In the hospitality space, there’s always a need for more and more financial management – especially given that the industry is growing by 6% each year. Cost pressures are everywhere in this sector, especially when it comes to staffing – and the risk of project overruns and other difficulties is ever-present. However, luckily there are some ways to cut down on the risk of this happening to your firm. Here’s how you can best use financial management tools to prevent problems from arising.

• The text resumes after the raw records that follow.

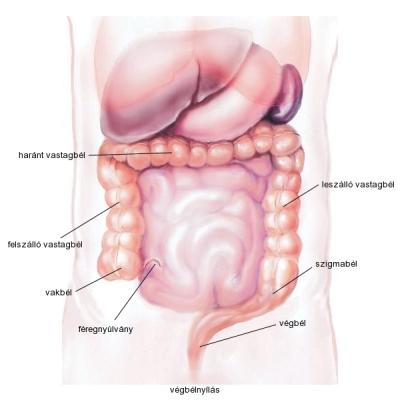 Colitis ulcerosa Colitis ulcerosa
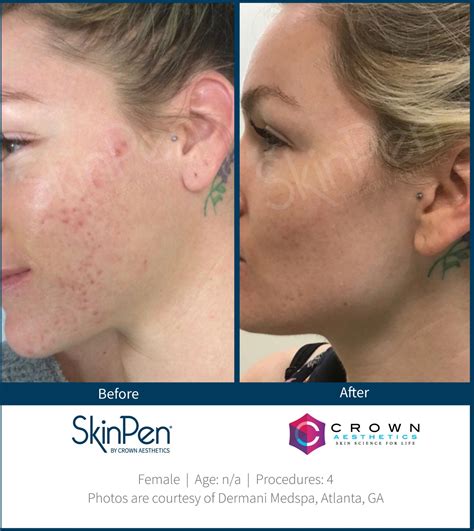Gsd Now Offers Skinpen A Microneedling Treatment Golden State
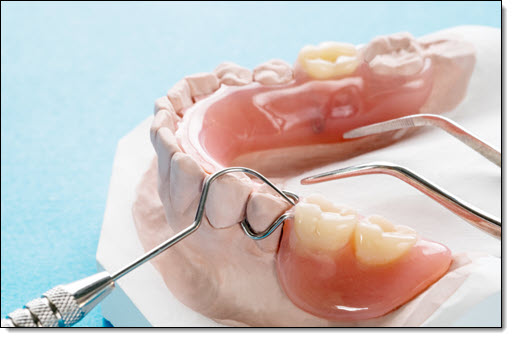Denture Restorations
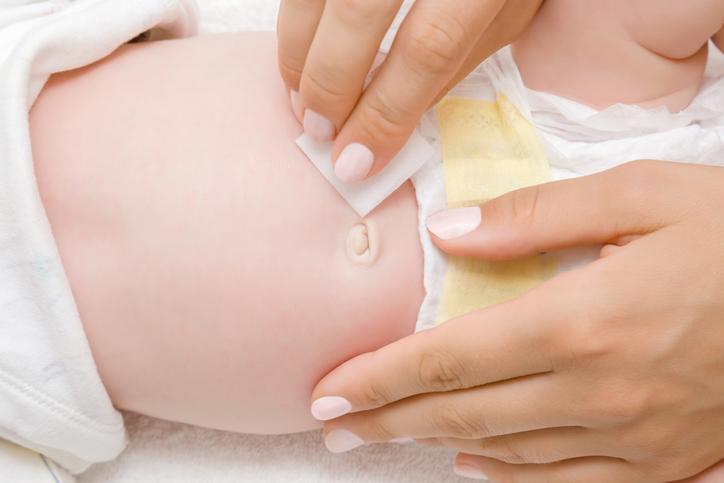 Cuidados e higiene del ombligo del bebé recién nacido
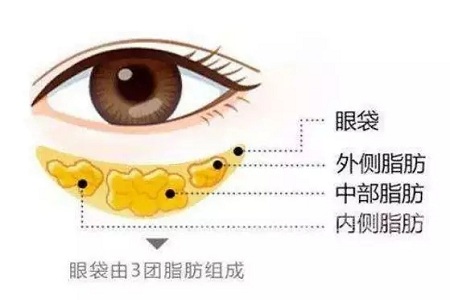 去掉眼袋，刻不容緩，別等又大又松弛才做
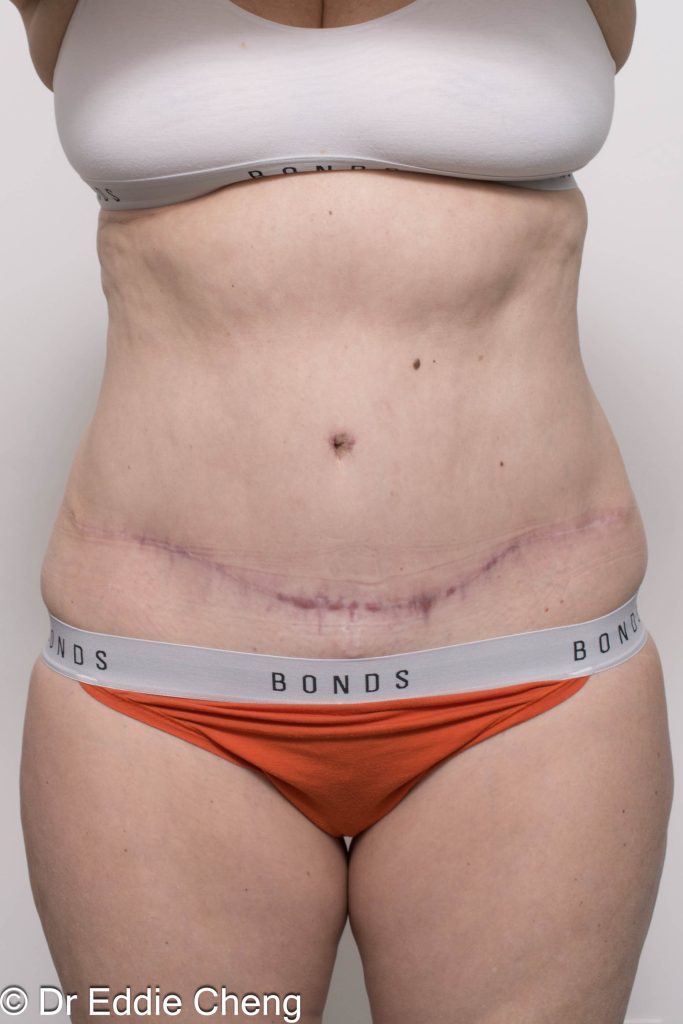 Before and after abdominoplasty surgery by Dr Eddie Cheng, AR Plastic Surgery Brisbane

The maxim “time is money” is true in every industry – but in a heavily service-oriented environment such as hospitality, it’s even more true. Staff time is one of the biggest costs that a hospitality finance leader can face, in two distinct ways. First off, staff in this sector are often numerous due to the scale involved in serving lots of people or preparing lots of floor space, so salary costs can add up. However, staffing issues in the hospitality sector can take on an additional dimension too. There is high staff turnover in this industry, which means that there’s often a need to hire and train new people – which is in itself a cost-draining exercise. Keeping an eye on these sorts of costs using financial tracking tools is important, and can really help turn a hiring project around.

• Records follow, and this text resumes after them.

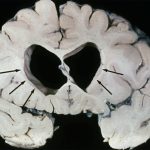 Huntington's Disease Huntington's Disease gross specimen with caudate atrophy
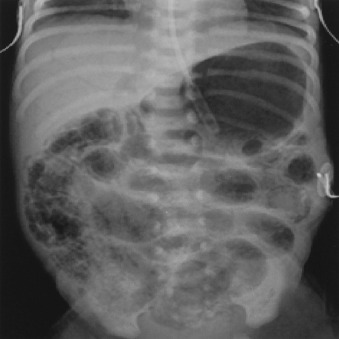 Abdominal radiograph demonstrating extensive pneumatosis intestinalis and portal venous gas in necrotizing enterocolitis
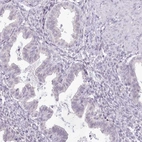 Immunohistochemical staining of human endometrium shows no positivity in glandular cells as expected.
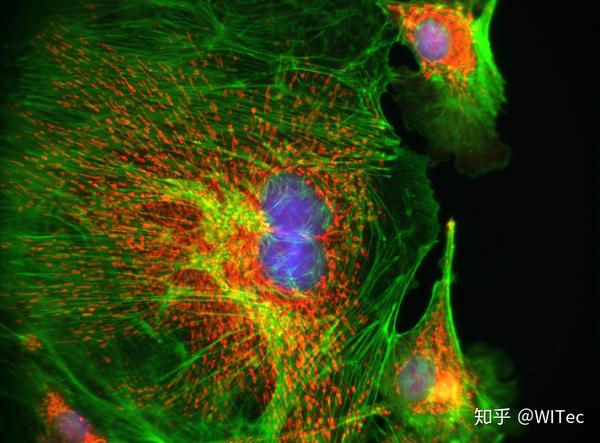 witec拉曼宽场荧光成像荣获microscopytodaymicrographaward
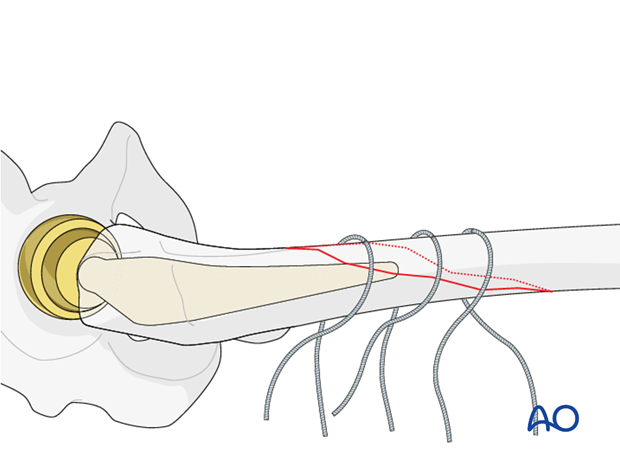 Other wires are inserted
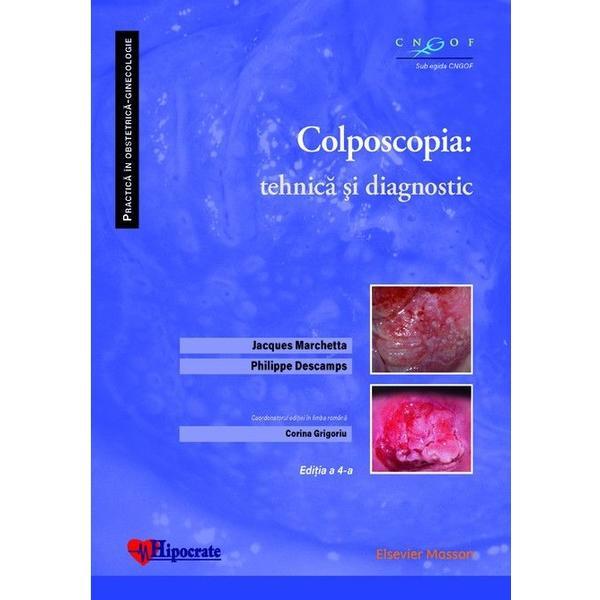 Colposcopia: tehnica si diagnostic - Jacques Marchetta, Philippe Descamps, Corina Grigoriu, editura Hipocrate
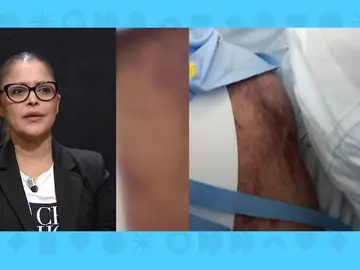 Cirugía estética. Cirugía estética.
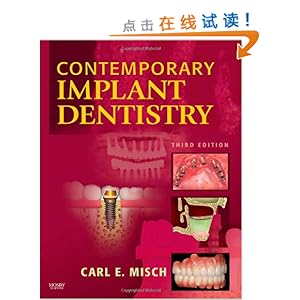 Contemporary Implant Dentistry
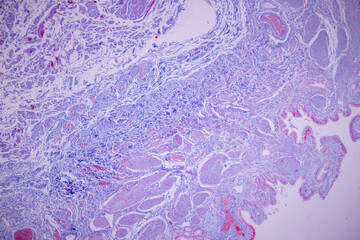 Columnar epithelium of human gall bladder under the microscope in Lab.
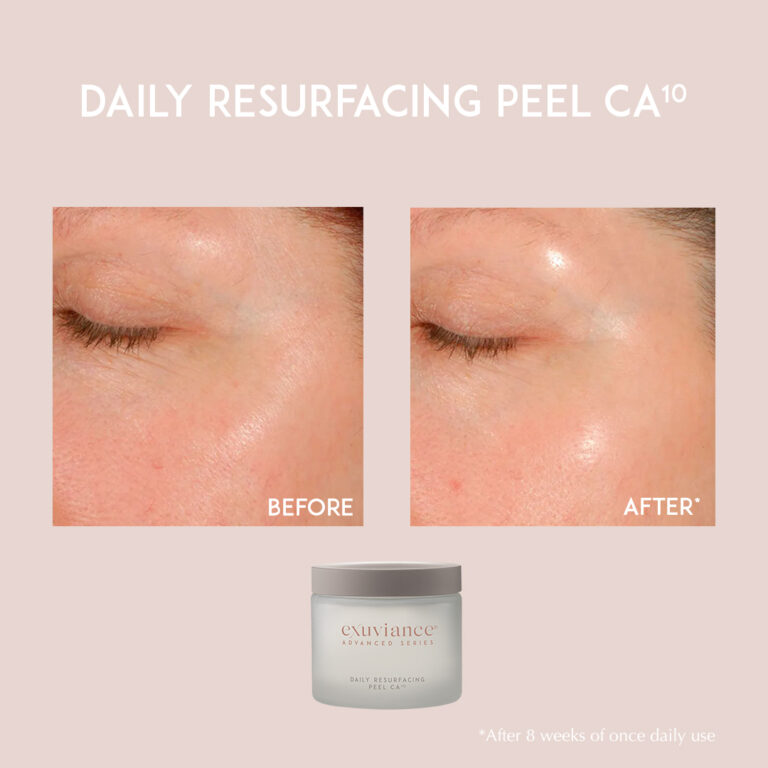 Kuva sosiaaliseen mediaan Exuviance Daily Resurfacing Peel CA10 2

Hospitality businesses are heavily reliant on their physical environments for their functioning, and this means that building works or renovations are a fact of life. Everything from repurposed spaces being turned into new rooms is one example of a project, while building and opening up new venues from scratch is another. All of this costs money – and while it’s possible to plan to the tiniest degree, it’s also hard to keep a handle on cash inflow and outflow. As a result, using a tool that allows you to see project costs in real time is important – and can give you the space you need to find out where problems are occurring.
Planning the future
Hospitality is a sector in which standards are constantly changing. While 50 years ago, guest houses were in vogue, for example, the rise in self-catering and an increased taste for luxury means that providers have had to step up their game. The same goes for business models too. Many hospitality leaders now attempt to plan for the future at every turn, and using modelling software to see how consumer demand changes might affect your revenue in the coming years will give you the evidence you need for strategic planning.
Hospitality is an excellent industry to work in, though it is fraught with potential pitfalls at every turn. That’s why financial management is such an important task to carry out: by avoiding project overruns, helping staff to remain well-managed, and looking out for the future, there are all kinds of ways that finance leaders in this sector can transform their firm’s financial picture.